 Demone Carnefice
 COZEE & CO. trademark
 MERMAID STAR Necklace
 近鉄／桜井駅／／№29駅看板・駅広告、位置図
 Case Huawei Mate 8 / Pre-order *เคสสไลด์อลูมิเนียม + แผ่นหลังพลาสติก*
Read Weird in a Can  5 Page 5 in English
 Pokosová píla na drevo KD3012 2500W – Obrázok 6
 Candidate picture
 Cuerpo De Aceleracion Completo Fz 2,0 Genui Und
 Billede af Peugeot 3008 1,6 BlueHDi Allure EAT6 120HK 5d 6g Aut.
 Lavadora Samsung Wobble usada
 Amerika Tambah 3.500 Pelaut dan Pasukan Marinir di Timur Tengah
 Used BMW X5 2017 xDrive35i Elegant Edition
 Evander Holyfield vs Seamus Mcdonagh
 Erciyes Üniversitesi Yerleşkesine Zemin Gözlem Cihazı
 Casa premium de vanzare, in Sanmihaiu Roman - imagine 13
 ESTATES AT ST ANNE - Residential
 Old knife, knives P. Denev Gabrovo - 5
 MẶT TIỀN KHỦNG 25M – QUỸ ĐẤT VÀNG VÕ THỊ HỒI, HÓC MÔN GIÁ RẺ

- _TASK STATEMENT_:
The entire set of entries, and nothing else, should be set down exactly.

- _EXERCISE RESPONSE_:
 Demone Carnefice
 COZEE & CO. trademark
 MERMAID STAR Necklace
 近鉄／桜井駅／／№29駅看板・駅広告、位置図
 Case Huawei Mate 8 / Pre-order *เคสสไลด์อลูมิเนียม + แผ่นหลังพลาสติก*
Read Weird in a Can  5 Page 5 in English
 Pokosová píla na drevo KD3012 2500W – Obrázok 6
 Candidate picture
 Cuerpo De Aceleracion Completo Fz 2,0 Genui Und
 Billede af Peugeot 3008 1,6 BlueHDi Allure EAT6 120HK 5d 6g Aut.
 Lavadora Samsung Wobble usada
 Amerika Tambah 3.500 Pelaut dan Pasukan Marinir di Timur Tengah
 Used BMW X5 2017 xDrive35i Elegant Edition
 Evander Holyfield vs Seamus Mcdonagh
 Erciyes Üniversitesi Yerleşkesine Zemin Gözlem Cihazı
 Casa premium de vanzare, in Sanmihaiu Roman - imagine 13
 ESTATES AT ST ANNE - Residential
 Old knife, knives P. Denev Gabrovo - 5
 MẶT TIỀN KHỦNG 25M – QUỸ ĐẤT VÀNG VÕ THỊ HỒI, HÓC MÔN GIÁ RẺ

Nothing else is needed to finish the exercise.